Bank Of America Announces Debit Card Fees

Two customers use an ATM at a Bank of America bank in California. (AP)

Two customers use an ATM at a Bank of America bank in California. (AP)

Bank of America announced Thursday that starting next year, it will begin charging a $5 monthly fee for customers who use their debit cards. And customers are already taking out their frustration.

On Twitter, Peter Skeritt wrote “Welp. looks like I’ll be closing my Bank of America account before the year is out. Fees mean more revenue only if you have customers.” Bank of America spokeswoman Anne Pace defended BOA’s move, saying that “the economics of offering a debit card have changed.”

The announcement comes days before a provision of the Dodd-Frank financial overhaul bill called the “Durbin Amendment” takes effect. That rule limits the fees that banks can charge merchants every time a customer uses a debit card for a purchase. And The New York Times reports that Javelin Strategy and Research estimates the new rule would reduce revenue for banks by about $6.6 billion a year.

Democratic Senator Dick Durbin, for whom the rule was named, criticized the new fees, as the Hill reports:

“It seems that old habits die hard for Bank of America,” Durbin said in response to the new policy. “After years of raking in excess profits off an unfair and anti-competitive interchange system, Bank of America is trying to find new ways to pad their profits by sticking it to its customers.
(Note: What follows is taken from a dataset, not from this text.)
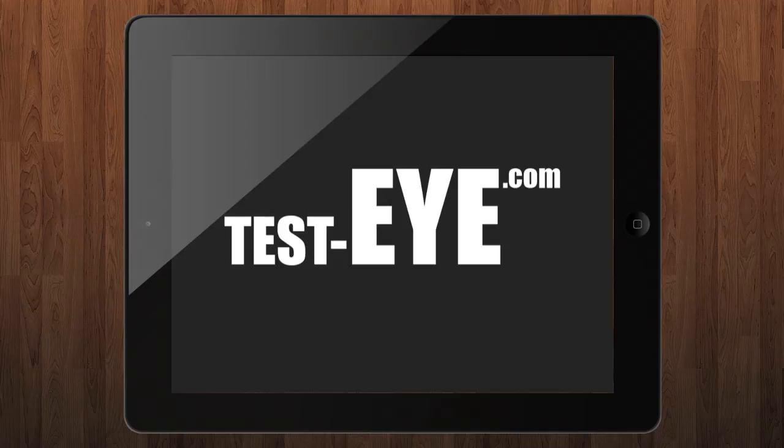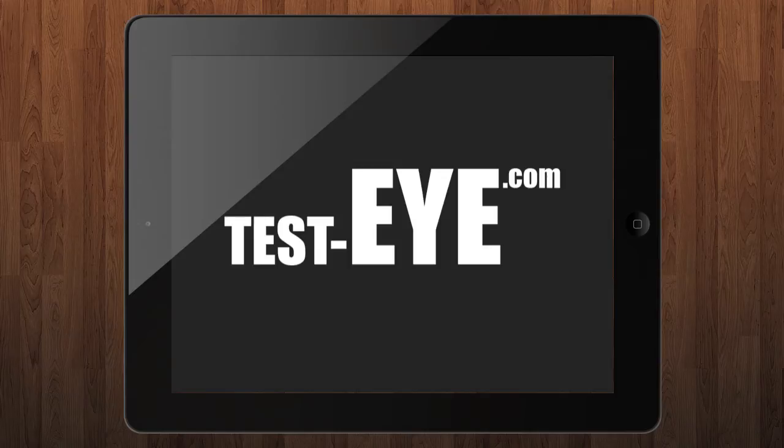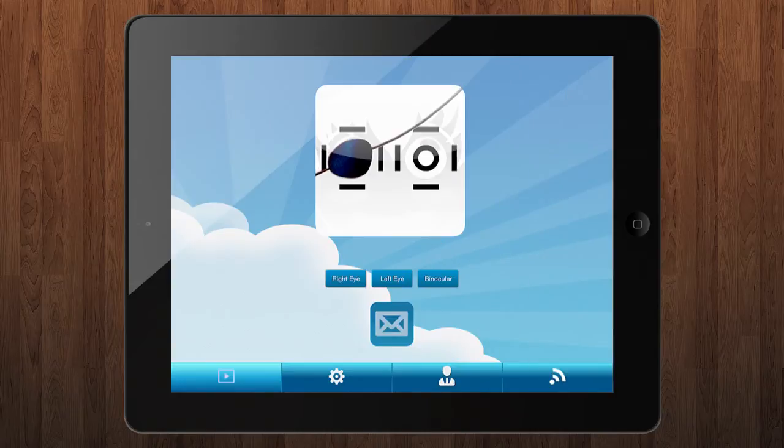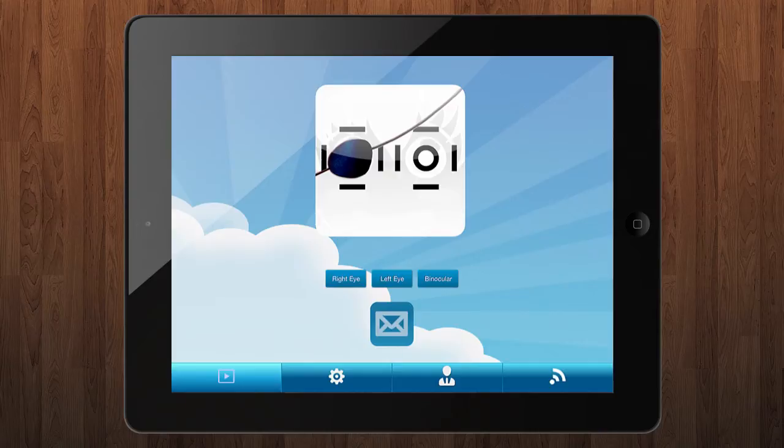Hi and welcome to test-eye.com. My name is Manuel Rodriguez and today I would like to introduce you to some of the new great features that I have added to the Amblyopia Visual Acuity application for iPad and Android tablets.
Bank of America says that customers will be notified in writing 30 days in advance if a person’s account is affected.

Guest:

We welcome comments from all of our listeners. Post below. Please stay on topic and be civil. Comments may be moderated by us, but you are solely responsible for the content of your comments.

  • Teh

    The banksters continue to seek for fees from their customers.  Never greedy enough.
    Well folks, start pulling whatever money you have in the banks and begin dealing with cash, the old fashion way.
    These robbers will continue to find new ways to charge you money for using your money.
    They are addicts. Dump the banksters!

  • Geojon4609

    An alternative to changing banks is to use cash and checks.

  • Jameel

    I teach financial education and people are always asking me where to bank. I say stay away from the big banks.
    I know this sounds like an ad, but I swear I don’t work there, but Cambridge Savings Bank offers achecking acct with a $10 minimum, pays 2% interest, no fees, and even reimburses for foreign ATM charges. Must have direct deposit, eStatements and use your debit card.

  • Christopher

    I may leave BoA. I’ll be looking into other banks around my local area and comparing. If nothing is better, or only marginally better, I’ll compare my credit card fees against the additional $60 a year debit fees and flat out consider being rid of the debit deal altogether.  I’m in no love affair with BoA or big banks in general, I find them to be greedy, selfish, and mindful of investors rather than bankers.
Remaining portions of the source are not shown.